_Exercise input_

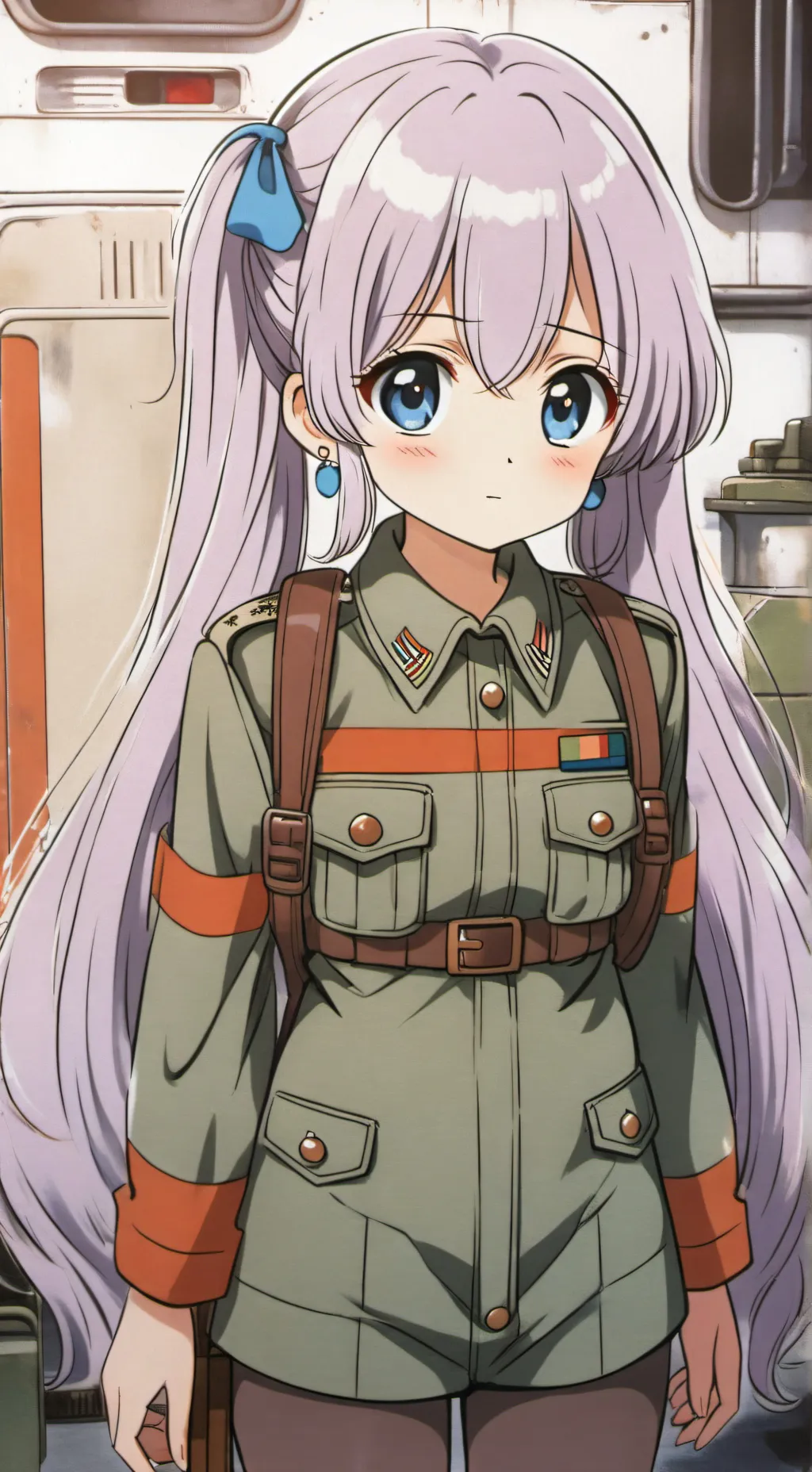 ai character: Soldier/Forces background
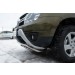 Руссталь RDZ-002177 защита переднего бампера d42 (волна)+d42 (зубы) на Renault Duster 2015-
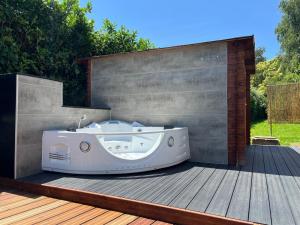 Tentes de luxe La Bulle Armou : photos des chambres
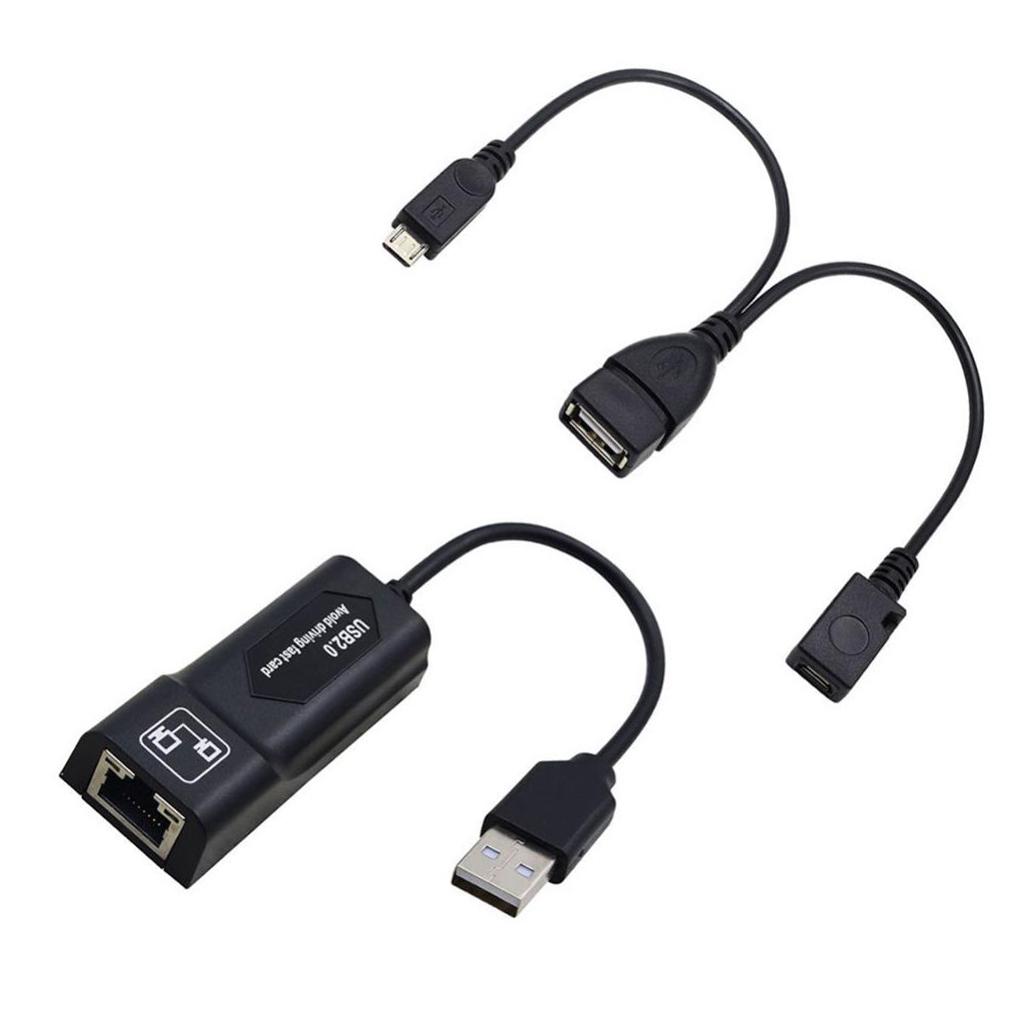 Mạng USB 2.0 Sang Ethernet RJ45 Lan Adapter Dành Cho Amazon Fire TV 3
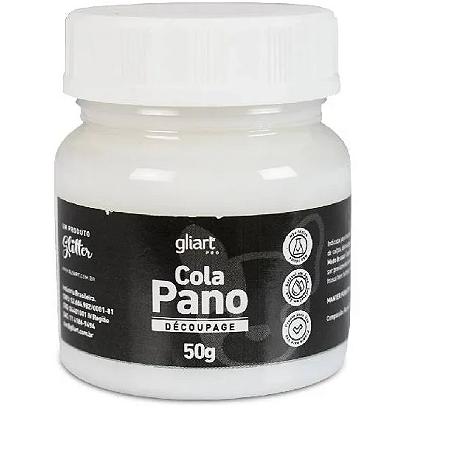 Cola Gel para Decoupage - 50gr. Gliart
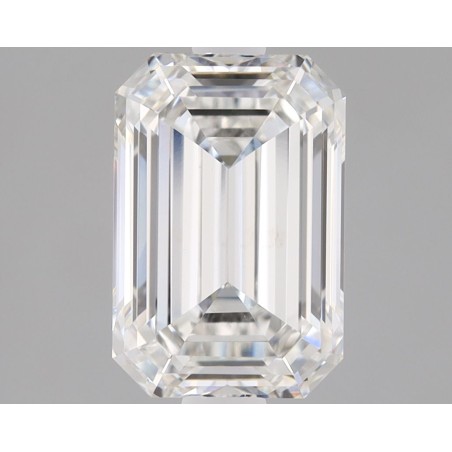 Diament laboratoryjny szlif szmaragdowy, 1.78ct, VVS2, F, IGI LG602390894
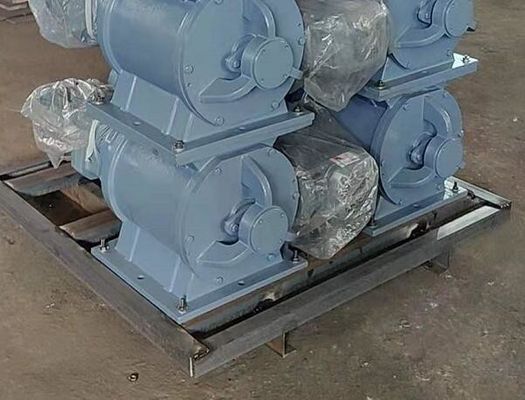 Type équipement rotatoire d'étoile de décharge de dépoussiérage de la valve YJD-HX-16 de sas de déchargeur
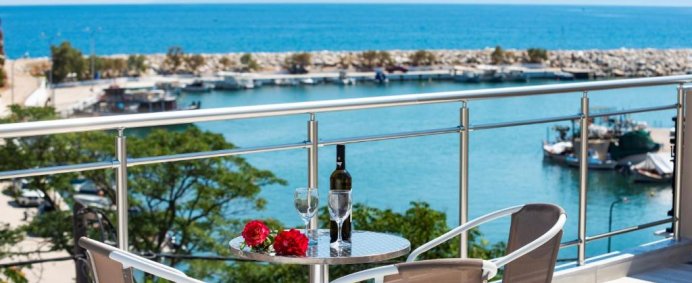 Aparthotel STAR BAY LUXURY 3* - Thassos (Limenaria), Grecia. - Photo 12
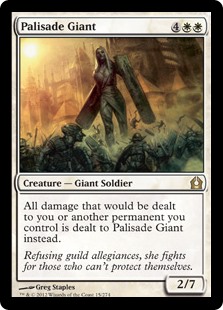 Palisade Giant (Foil)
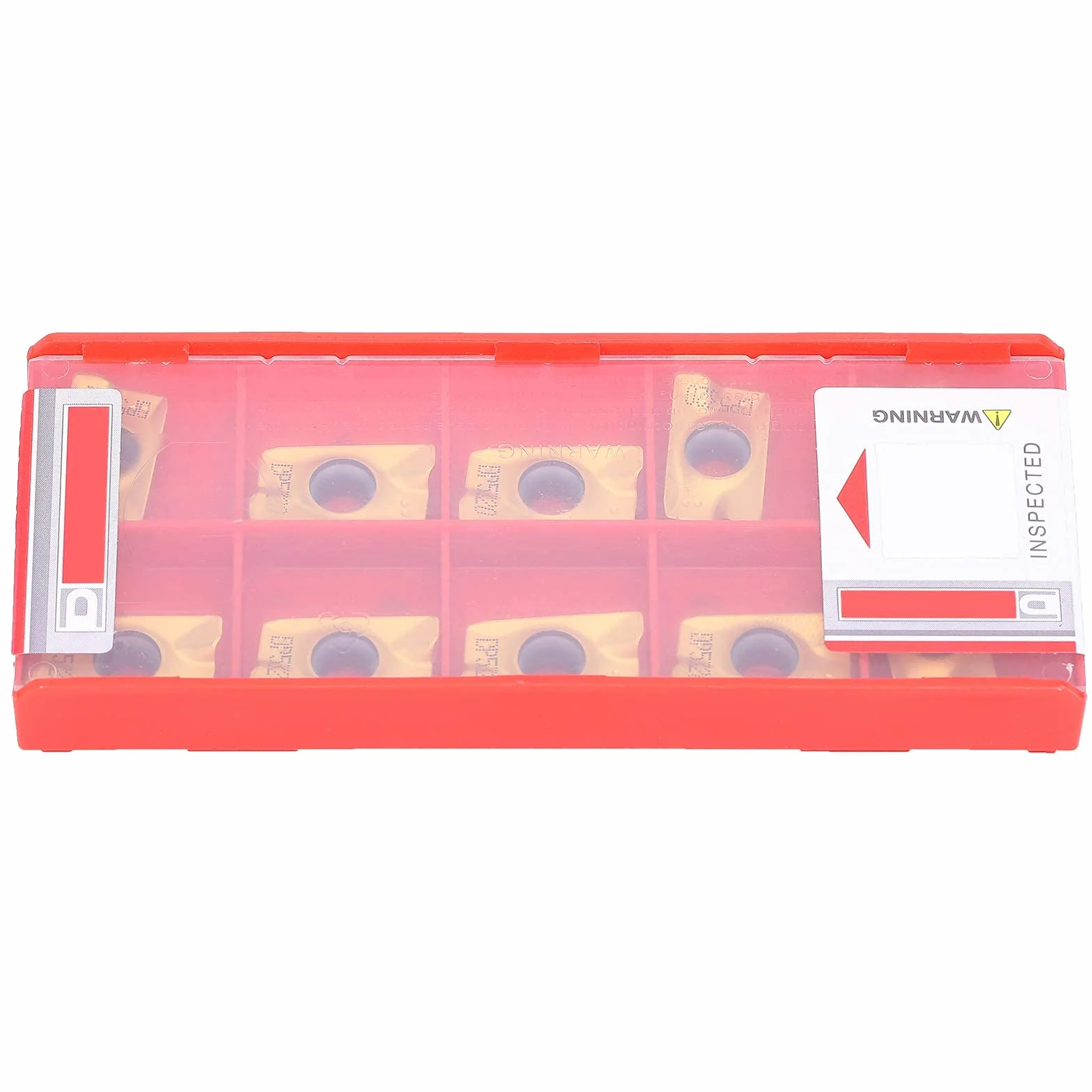 APMT1604 PDER DP5320 Inserto per Fresatura in Carburo Cementato 10 Pezzi per Ferro Rame Alluminio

_What you should do_
Return the material line for line, from its beginning to the line that contains "Diament laboratoryjny szlif", with the pictures left out.

_Task result_
 ai character: Soldier/Forces background
 Руссталь RDZ-002177 защита переднего бампера d42 (волна)+d42 (зубы) на Renault Duster 2015-
 Tentes de luxe La Bulle Armou : photos des chambres
 Mạng USB 2.0 Sang Ethernet RJ45 Lan Adapter Dành Cho Amazon Fire TV 3
 Cola Gel para Decoupage - 50gr. Gliart
 Diament laboratoryjny szlif szmaragdowy, 1.78ct, VVS2, F, IGI LG602390894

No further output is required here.